Galectin-3 binding protein (Gal-3BP), which is a member of the macrophage scavenger receptor cysteine-rich domain superfamily of molecules, is a ubiquitously expressed secreted protein15,16. It binds to ligands such as Gal-317 and Gal-118. Recent studies demonstrated that Gal-3BP is expressed in coronary artery plaques19, but its plasma levels do not reflect coronary plaque instability in patients with CAD20. In addition, another study reported that Gal-3BP levels are associated with carotid artery lesions19.
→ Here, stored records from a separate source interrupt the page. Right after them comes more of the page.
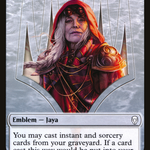 Jaya Ballard Emblem (DOM-015) - Dominaria Tokens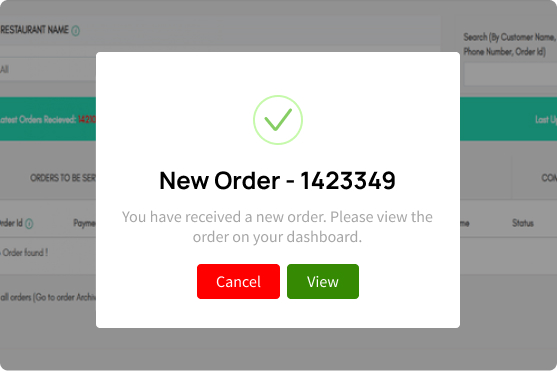 order management from dashboard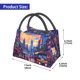 thumbnail image 2 of Fotbe Taxi Colorful Town Bolsa Térmica Portátil con Estampado, Bolsa de Entrega de Alimentos Aislada, Bolsa Reutilizable de Gran Capacidad para Comidas y Supermercado, 2 of 6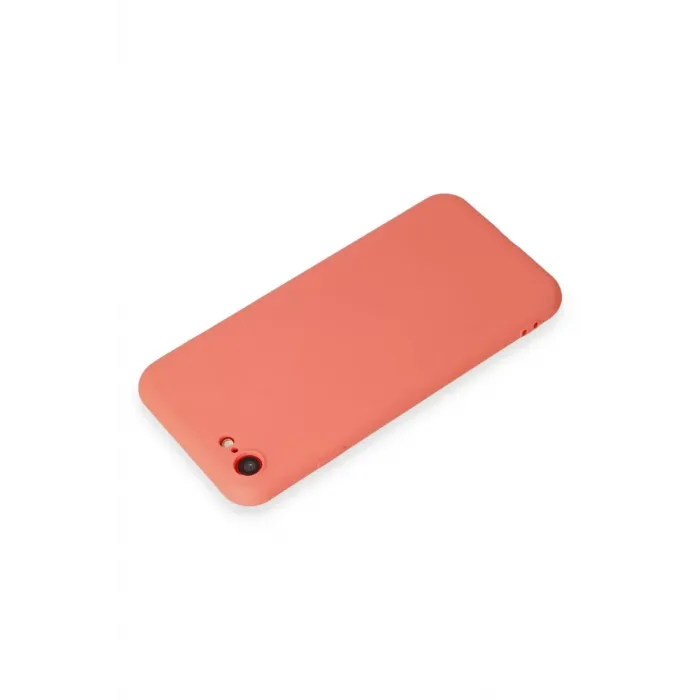Newface iPhone 7 Kılıf First Silikon - Turuncu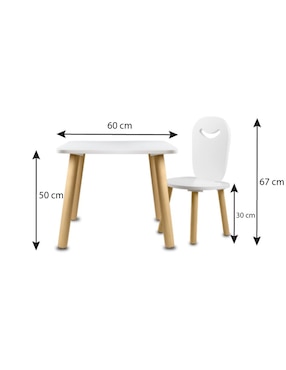 Set de mesa infantil Duduk Montessori de 2 piezas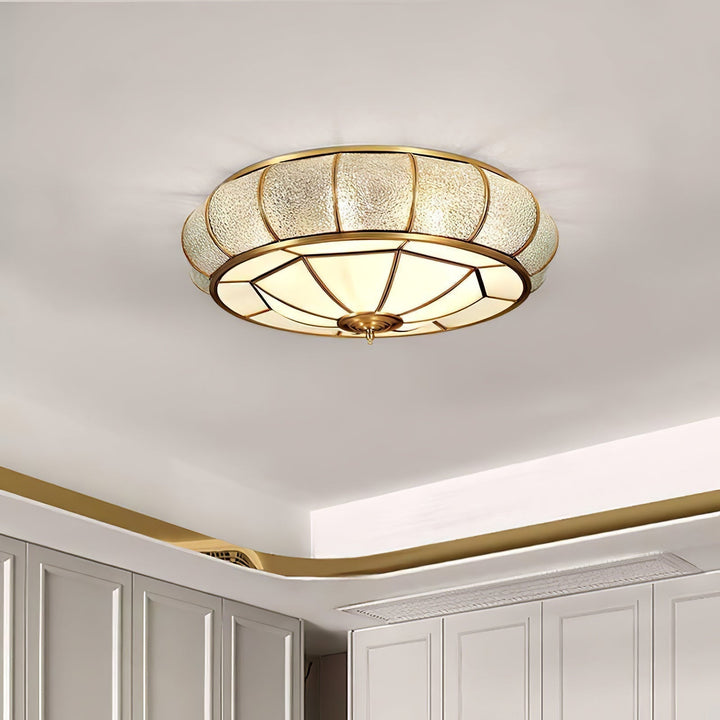 Plafonnier LED Design Élégant en Métal et Verre avec Détails Cristallins pour Salon et Chambre – Éclairage Moderne et Accueillant 5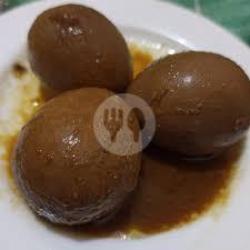 Paket Nasi Lalapan Telur Bacem   Minum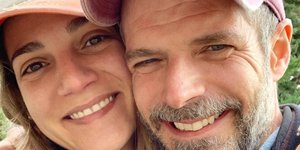 εφοπλιστής Αντώνης Λαιμός και η Μαρίκα Αράπογλου 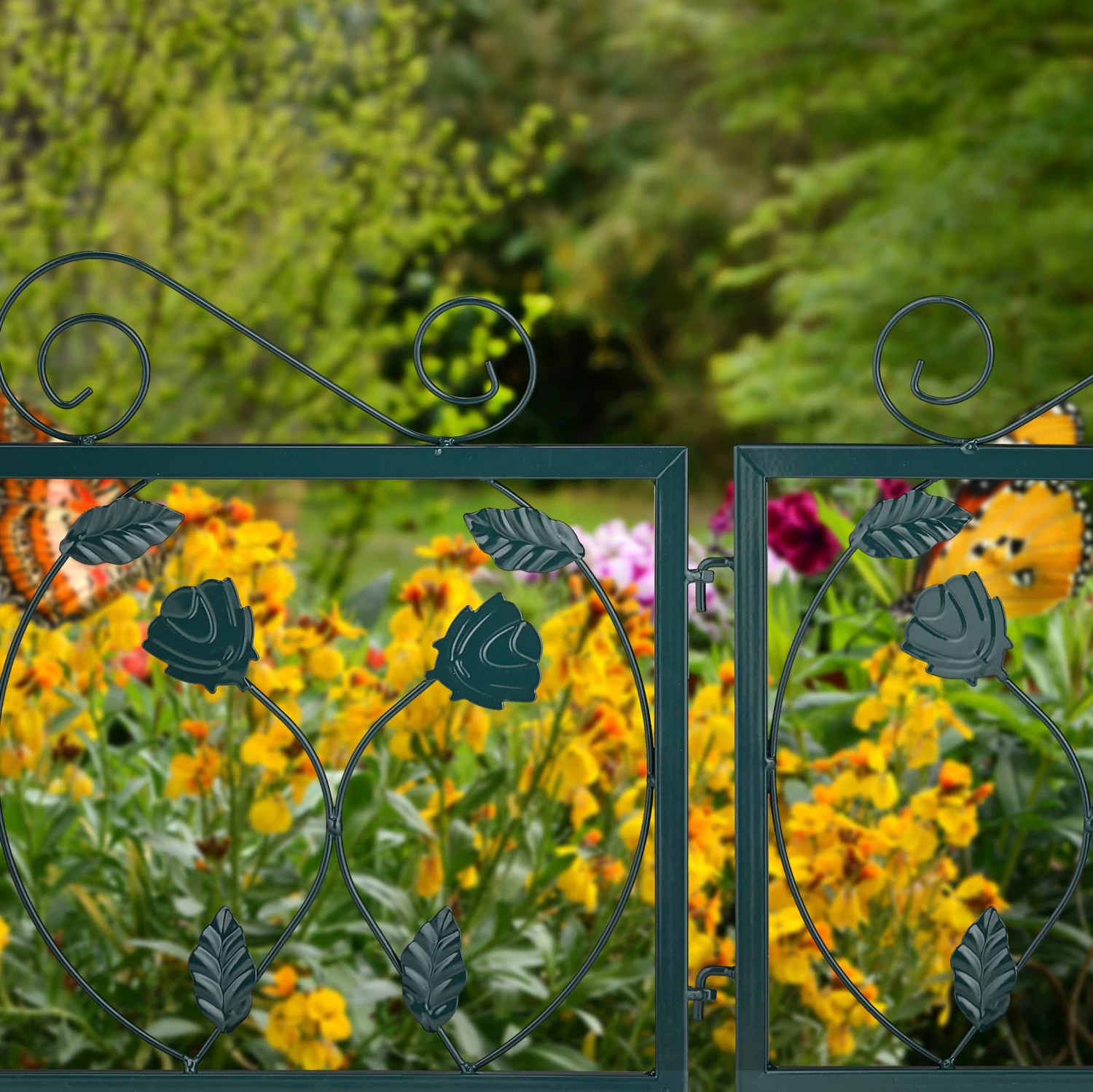 4-tlg. Beetzaun In Dunkelgrün 7 4-tlg. Beetzaun In Dunkelgrün – Bild 5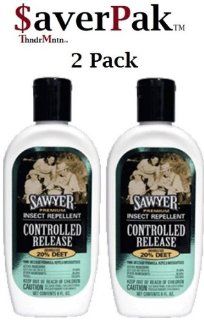 $averPak 2 Pack   Includes 2 Sawyers Controlled Release Premium Insect Repellent  6oz lotion Patio, Lawn & Garden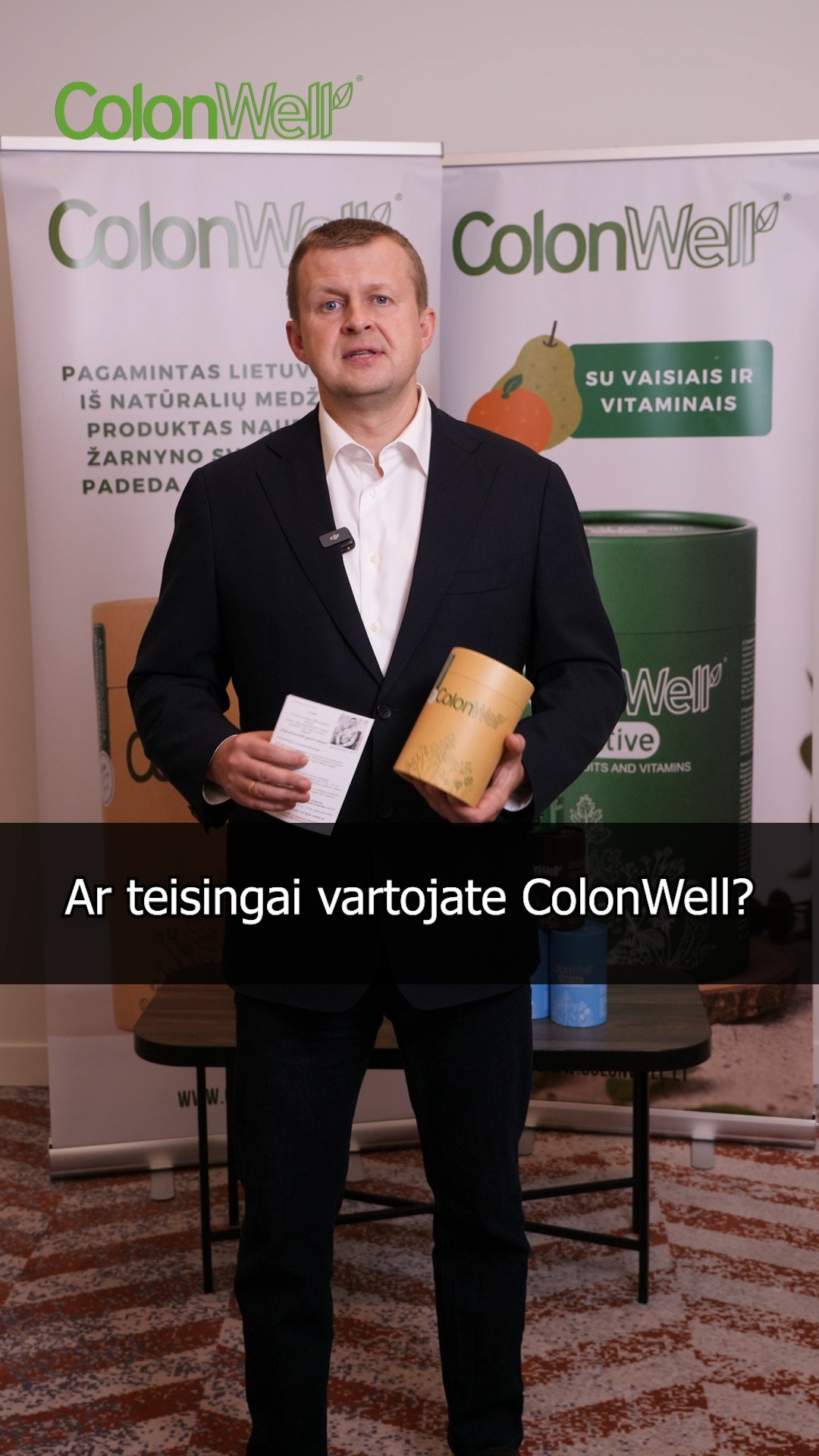 ColonWell Facebook ad: Akcijos čia.
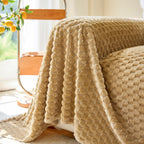 Thick Plush Non-Slip Sofa Throw Cover, Warm Soft Faux Fur Couch Protector for Winter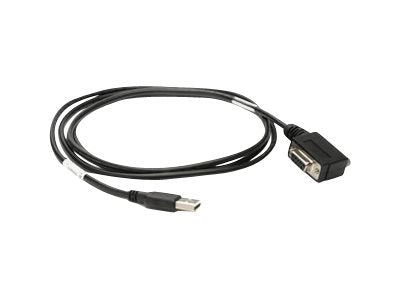 Zebra Synapse - USB / serial cable - DB-9 (F) to USB (M) - 6 ft - right-angled connector, thumbscrews - for MiniScan MS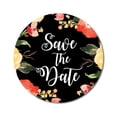 thumbnail image 1 of Darling Souvenir 45 Pcs Round Envelope Seal DIY Black Floral Border Save The Date Stickers-1.6 Inches, 1 of 4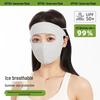 Ice Silk Facekini: Breathable Anti-UV Full Face Sunscreen Mask for Driving & Cycling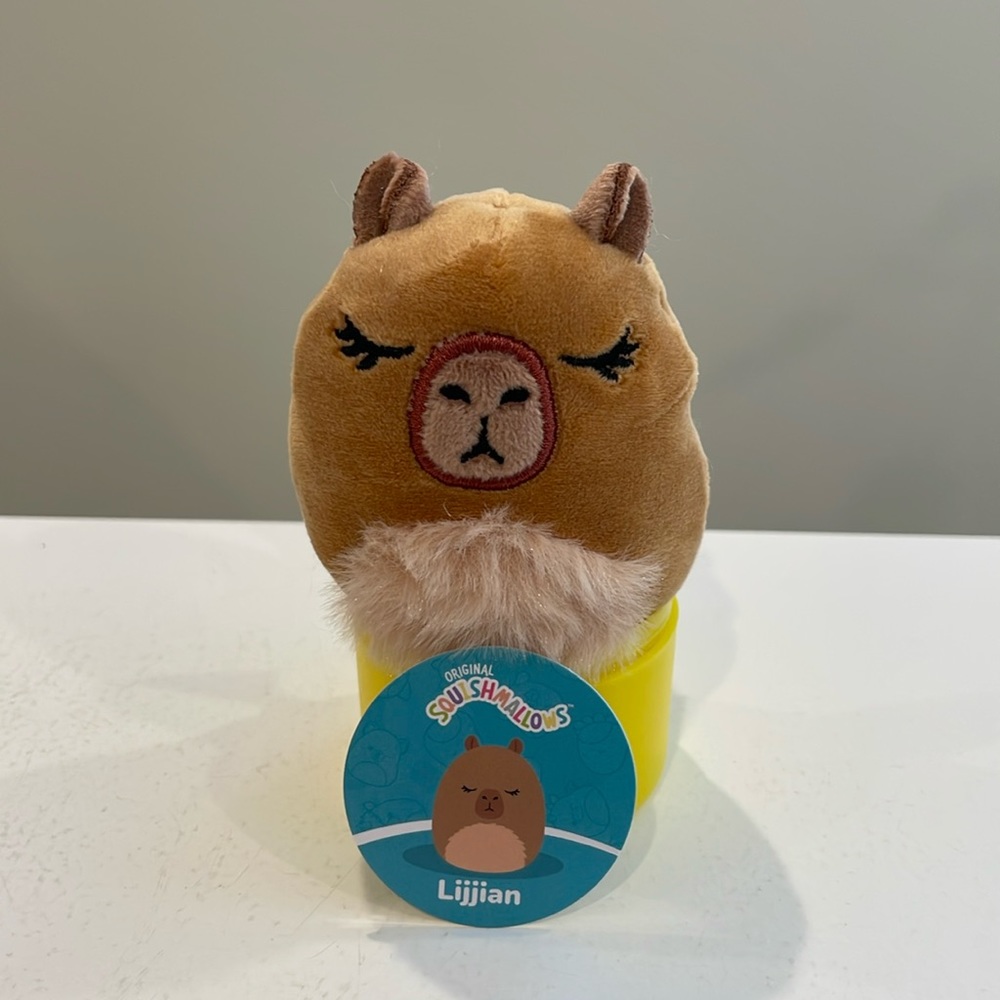 New 2.5” Lijjian the Capybara Micromallow Squishmallow from Mystery Caps…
These controversial conclusions might result from heterogeneity among different populations and the diverse clinical conditions in the available studies. Nevertheless, these data implicate a common theme, which is that Gal-1, Gal-3, Gal-9 and Gal-3BP may play indispensable roles in atherosclerosis and may act as biomarkers for the risk and/or prognosis of atherosclerosis-related diseases. Furthermore, studies concerning the circulating levels of these biomarkers in patients with ischaemic stroke (IS) are limited.

On the other hand, evidence from experimental studies implicates different roles for the Gals family members in the progression of brain damage after IS. For example, Gal-1 is increased after IS and is implicated in neuroprotection against ischaemia21,22; Gal-3 is actively released under ischaemia/stroke conditions and amplifies and prolongs the inflammatory response7; and the expression of Gal-9 is increased after IS and is involved in neuronal injury23. However, these studies were performed primarily in animal models or in vitro, and few studies have investigated whether these biomarkers in circulation are associated with the stroke severity and/or outcomes in human after IS.

Therefore, the aim of this study was to evaluate the serum levels of Gal-1, Gal-3, Gal-9, and Gal-3BP in patients with large artery atherosclerotic (LAA) stroke and in age- and sex-matched controls, and to determine the long-term changes in the levels of these biomarkers on day 6 and in the 4th week after IS. We also investigated whether these biomarkers were independently associated with stroke severity and functional outcomes at 90 days after IS.

Results

Baseline characteristics of the study participants

The study included 130 patients with LAA stroke and 130 age- and sex-matched non-stroke controls. All the participants are of the Han nationality. The basic characteristics of the study subjects are shown in Table 1. Compared with the controls, the LAA patients had higher systolic blood pressure (SBP), fasting blood glucose (FBG), and high-sensitivity C-reactive protein (hs-CPR) levels and included a greater percentage of smokers.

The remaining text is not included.